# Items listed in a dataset
──────────

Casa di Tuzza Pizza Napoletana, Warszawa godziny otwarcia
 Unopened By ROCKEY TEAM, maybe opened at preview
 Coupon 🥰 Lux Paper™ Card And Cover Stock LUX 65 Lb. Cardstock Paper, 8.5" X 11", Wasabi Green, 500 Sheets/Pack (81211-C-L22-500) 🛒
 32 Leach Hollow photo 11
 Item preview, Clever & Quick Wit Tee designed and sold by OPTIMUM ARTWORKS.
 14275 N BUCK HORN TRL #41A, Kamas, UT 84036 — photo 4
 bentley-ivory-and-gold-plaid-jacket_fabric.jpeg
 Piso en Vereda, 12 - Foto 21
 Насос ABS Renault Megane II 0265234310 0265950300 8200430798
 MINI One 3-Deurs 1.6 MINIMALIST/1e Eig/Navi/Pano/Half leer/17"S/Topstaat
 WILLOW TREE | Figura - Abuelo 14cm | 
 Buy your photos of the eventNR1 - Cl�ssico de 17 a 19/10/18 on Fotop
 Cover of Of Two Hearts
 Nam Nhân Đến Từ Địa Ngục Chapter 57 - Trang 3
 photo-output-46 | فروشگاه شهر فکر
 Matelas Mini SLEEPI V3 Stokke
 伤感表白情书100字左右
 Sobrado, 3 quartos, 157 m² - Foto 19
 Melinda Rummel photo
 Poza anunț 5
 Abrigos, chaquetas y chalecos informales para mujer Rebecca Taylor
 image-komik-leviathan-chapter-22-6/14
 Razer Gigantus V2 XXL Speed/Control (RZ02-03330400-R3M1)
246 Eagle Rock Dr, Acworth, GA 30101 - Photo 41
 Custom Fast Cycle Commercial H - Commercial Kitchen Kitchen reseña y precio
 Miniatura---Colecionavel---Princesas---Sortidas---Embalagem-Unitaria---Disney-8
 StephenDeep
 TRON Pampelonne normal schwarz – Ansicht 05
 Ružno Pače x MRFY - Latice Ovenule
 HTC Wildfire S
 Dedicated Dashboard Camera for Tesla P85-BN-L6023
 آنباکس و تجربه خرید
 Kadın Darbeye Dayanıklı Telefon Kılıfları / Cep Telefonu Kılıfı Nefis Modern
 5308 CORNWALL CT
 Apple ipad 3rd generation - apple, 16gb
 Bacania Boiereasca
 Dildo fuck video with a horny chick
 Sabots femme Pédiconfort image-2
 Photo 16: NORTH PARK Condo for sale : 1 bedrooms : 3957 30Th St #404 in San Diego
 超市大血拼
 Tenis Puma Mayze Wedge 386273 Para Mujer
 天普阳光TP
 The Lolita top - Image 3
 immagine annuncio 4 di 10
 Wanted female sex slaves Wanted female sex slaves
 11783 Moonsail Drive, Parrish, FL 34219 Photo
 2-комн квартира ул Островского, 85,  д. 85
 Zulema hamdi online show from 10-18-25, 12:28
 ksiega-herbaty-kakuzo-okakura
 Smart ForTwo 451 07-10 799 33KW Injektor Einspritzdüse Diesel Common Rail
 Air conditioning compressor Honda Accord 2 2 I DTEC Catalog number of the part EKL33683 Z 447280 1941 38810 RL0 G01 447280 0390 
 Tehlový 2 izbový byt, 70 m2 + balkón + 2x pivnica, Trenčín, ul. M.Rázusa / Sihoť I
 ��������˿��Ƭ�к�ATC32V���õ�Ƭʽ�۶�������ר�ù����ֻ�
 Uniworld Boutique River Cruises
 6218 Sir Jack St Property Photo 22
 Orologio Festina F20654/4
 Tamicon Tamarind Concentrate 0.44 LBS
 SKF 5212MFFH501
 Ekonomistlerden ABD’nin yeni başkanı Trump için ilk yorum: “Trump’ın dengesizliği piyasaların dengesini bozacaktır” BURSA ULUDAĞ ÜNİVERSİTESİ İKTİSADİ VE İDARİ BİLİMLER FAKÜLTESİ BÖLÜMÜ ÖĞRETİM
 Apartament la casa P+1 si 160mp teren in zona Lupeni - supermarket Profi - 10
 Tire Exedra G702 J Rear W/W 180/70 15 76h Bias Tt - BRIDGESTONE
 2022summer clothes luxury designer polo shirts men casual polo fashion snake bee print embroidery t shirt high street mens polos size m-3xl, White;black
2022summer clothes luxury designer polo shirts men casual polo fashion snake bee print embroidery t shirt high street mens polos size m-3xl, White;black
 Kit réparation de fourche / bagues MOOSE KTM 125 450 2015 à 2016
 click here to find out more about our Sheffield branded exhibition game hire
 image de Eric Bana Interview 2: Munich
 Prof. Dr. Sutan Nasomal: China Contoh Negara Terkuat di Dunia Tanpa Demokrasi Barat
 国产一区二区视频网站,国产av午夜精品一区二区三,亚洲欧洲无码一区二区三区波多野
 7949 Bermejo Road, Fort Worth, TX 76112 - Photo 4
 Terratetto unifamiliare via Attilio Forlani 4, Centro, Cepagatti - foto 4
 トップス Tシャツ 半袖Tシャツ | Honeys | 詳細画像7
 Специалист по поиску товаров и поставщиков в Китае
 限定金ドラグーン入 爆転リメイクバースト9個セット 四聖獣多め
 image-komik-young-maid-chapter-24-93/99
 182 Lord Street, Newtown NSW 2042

──────────

# PROBLEM DESCRIPTION
In your reply, restate exactly the lines from the start of the records above through the line holding "Item preview, Clever", including both, and nothing else.

# RESPONSE BOX
Casa di Tuzza Pizza Napoletana, Warszawa godziny otwarcia
 Unopened By ROCKEY TEAM, maybe opened at preview
 Coupon 🥰 Lux Paper™ Card And Cover Stock LUX 65 Lb. Cardstock Paper, 8.5" X 11", Wasabi Green, 500 Sheets/Pack (81211-C-L22-500) 🛒
 32 Leach Hollow photo 11
 Item preview, Clever & Quick Wit Tee designed and sold by OPTIMUM ARTWORKS.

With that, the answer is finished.